El caballero de obsidiana se detuvo una fracción de segundo y se abalanzó hacia ellos una vez más, pero volvió a ocurrir lo mismo.
Bueno, no era un gran truco.
Damián simplemente había dado forma a seis agujeros de gusano de 20 metros cuadrados y los había colocado a su alrededor. Encerrándose a sí mismos. Todos los hilos de maná de Damián también pasaban por el agujero de gusano lateral.
Por supuesto, la estructura no era tan simple como seis paredes unidas. Damián tuvo que dejar huecos para que pasara el aire y sus cubos de maná sacrium pudieran funcionar. Afortunadamente, a esta altura en los niveles de la mazmorra, el aire estaba tan condensado con maná que ni siquiera los clasificadores de segundo nivel podrían soportarlo.

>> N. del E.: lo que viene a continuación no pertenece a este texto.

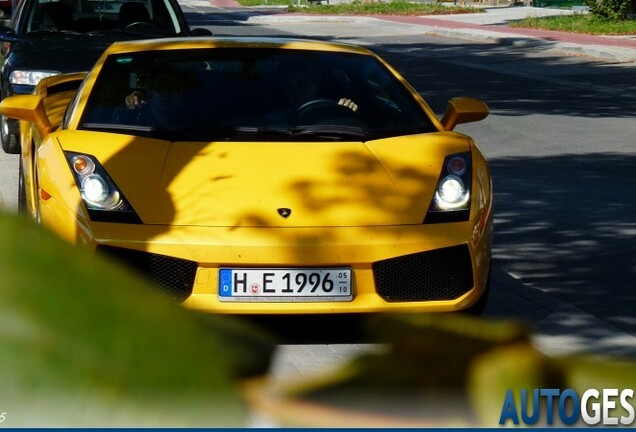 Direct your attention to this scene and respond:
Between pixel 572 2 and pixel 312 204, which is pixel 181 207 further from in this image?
pixel 572 2

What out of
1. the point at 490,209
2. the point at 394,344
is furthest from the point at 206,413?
the point at 490,209

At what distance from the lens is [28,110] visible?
658 cm

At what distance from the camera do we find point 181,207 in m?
5.31

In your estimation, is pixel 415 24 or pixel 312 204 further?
pixel 415 24

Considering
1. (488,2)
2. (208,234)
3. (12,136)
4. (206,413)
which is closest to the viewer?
(206,413)

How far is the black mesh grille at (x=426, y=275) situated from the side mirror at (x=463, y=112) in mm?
1288

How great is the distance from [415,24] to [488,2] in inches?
507

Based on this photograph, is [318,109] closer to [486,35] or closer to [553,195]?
[553,195]

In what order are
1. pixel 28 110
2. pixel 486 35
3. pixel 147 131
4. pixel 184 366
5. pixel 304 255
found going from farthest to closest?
pixel 486 35
pixel 28 110
pixel 147 131
pixel 304 255
pixel 184 366

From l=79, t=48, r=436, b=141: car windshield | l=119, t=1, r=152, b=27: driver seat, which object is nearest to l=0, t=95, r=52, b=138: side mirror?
l=79, t=48, r=436, b=141: car windshield

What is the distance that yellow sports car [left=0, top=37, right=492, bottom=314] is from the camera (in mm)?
5168

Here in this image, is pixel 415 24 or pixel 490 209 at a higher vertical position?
pixel 490 209

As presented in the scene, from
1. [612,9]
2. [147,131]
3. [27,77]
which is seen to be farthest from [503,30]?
[147,131]

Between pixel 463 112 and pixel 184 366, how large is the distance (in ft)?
20.2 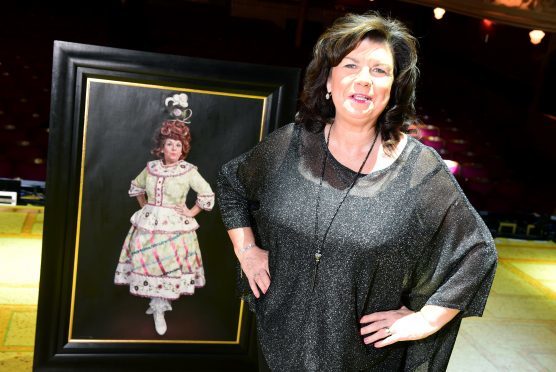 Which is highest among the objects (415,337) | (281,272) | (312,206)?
(312,206)

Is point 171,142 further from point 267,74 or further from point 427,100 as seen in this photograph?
point 427,100

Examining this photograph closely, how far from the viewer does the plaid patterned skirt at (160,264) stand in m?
2.55

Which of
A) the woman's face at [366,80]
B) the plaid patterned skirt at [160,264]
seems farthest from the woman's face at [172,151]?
the woman's face at [366,80]

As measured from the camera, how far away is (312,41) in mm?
15562

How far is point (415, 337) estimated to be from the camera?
1.80 metres

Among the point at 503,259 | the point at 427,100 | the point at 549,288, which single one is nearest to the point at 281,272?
the point at 549,288

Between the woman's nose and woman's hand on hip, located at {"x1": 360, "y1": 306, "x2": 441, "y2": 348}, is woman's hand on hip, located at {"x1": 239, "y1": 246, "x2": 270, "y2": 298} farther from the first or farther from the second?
the woman's nose

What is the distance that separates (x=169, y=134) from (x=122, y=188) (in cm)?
26

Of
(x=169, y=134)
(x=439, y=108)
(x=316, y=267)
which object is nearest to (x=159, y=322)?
(x=169, y=134)

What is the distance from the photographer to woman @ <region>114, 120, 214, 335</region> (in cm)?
248

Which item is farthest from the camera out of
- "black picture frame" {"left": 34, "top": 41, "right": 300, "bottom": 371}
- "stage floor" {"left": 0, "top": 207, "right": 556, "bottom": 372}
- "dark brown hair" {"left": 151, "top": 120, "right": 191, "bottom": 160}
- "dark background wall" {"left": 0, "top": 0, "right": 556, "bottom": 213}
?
"dark background wall" {"left": 0, "top": 0, "right": 556, "bottom": 213}

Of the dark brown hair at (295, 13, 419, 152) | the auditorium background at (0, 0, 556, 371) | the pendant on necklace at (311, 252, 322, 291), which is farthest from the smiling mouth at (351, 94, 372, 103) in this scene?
the pendant on necklace at (311, 252, 322, 291)

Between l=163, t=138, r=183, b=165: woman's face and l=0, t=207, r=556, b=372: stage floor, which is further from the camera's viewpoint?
l=0, t=207, r=556, b=372: stage floor

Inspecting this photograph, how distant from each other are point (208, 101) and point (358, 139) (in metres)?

El caballero de obsidiana seguía intentándolo y fracasando. Incluso se había detenido a observar los agujeros de gusano, lo que solo beneficiaba a Damián y a su grupo. Este truco no duraría mucho, pero no tenía por qué. Solo necesitaba tiempo.
Si el caballero de obsidiana fuera un mejor mago, habría usado fácilmente hechizos atmosféricos disruptores de maná para interferir con los agujeros de gusano. Pero esa era la cuestión, el tipo era un monstruo, muy probablemente sin ningún recuerdo de su vida pasada. Todo lo que conocía era este único piso de la mazmorra lleno de lava.
Era todopoderoso, pero como un niño ingenuo criado en una caja.
Sin embargo, el monstruo estaba aprendiendo. Su interés en los nuevos hechizos que Damián lanzaba lo revelaba. Como mínimo, Damián aprendió que los monstruos, al menos los muy poderosos y peligrosos, tenían cierto control sobre su voluntad. Incluso si eran asesinos psicóticos, que estallaban en una furia incontrolable si se mencionaba cualquier cosa relacionada con el punto clave que estaban programados para proteger.
El calor que ascendía desde debajo del agua debió de estar ahí antes de que el agua alcanzara la lava.
Desde los huecos de la caja oscura en la que Damián se había atrapado, observó cómo la columna comenzaba a brillar de forma extraña; no con luz, sino con distorsión. Su superficie se ondulaba, se deformaba y convulsionaba. Detonando hacia afuera y dejando cavernas dentro de la masa en caída que colapsaban al instante.
Caía y explotaba al mismo tiempo.
Entonces el agua golpea.
No hay salpicadura. Las salpicaduras son para escalas cuerdas.
El contacto dura menos de un segundo y, en ese segundo, la física se rinde.
La cara frontal del agua se convierte en vapor tan violentamente que se comporta como un explosivo sólido. Un frente de choque hemisférico se expande hacia afuera, aplastando la superficie de la lava en forma de cuenco antes de rebotar hacia arriba en un muro de escombros incandescentes.
La lava ya no fluye: se atomiza. La roca fundida es desgarrada en gotas brillantes, destrozada en fragmentos de vidrio ennegrecido, lanzada a kilómetros en el aire como chispas de un yunque.
La explosión de vapor abre un cráter en el lago, exponiendo brevemente un magma más profundo y brillante antes de colapsar de nuevo hacia adentro. El vapor sobrecalentado se expande más rápido que el sonido, estrellándose contra las invisibles paredes de la mazmorra con una fuerza física que podría hacer vibrar la piedra, arrancar capas de roca y enviar pulsos de presión que recorren el suelo como terremotos que decidieran coger ritmo.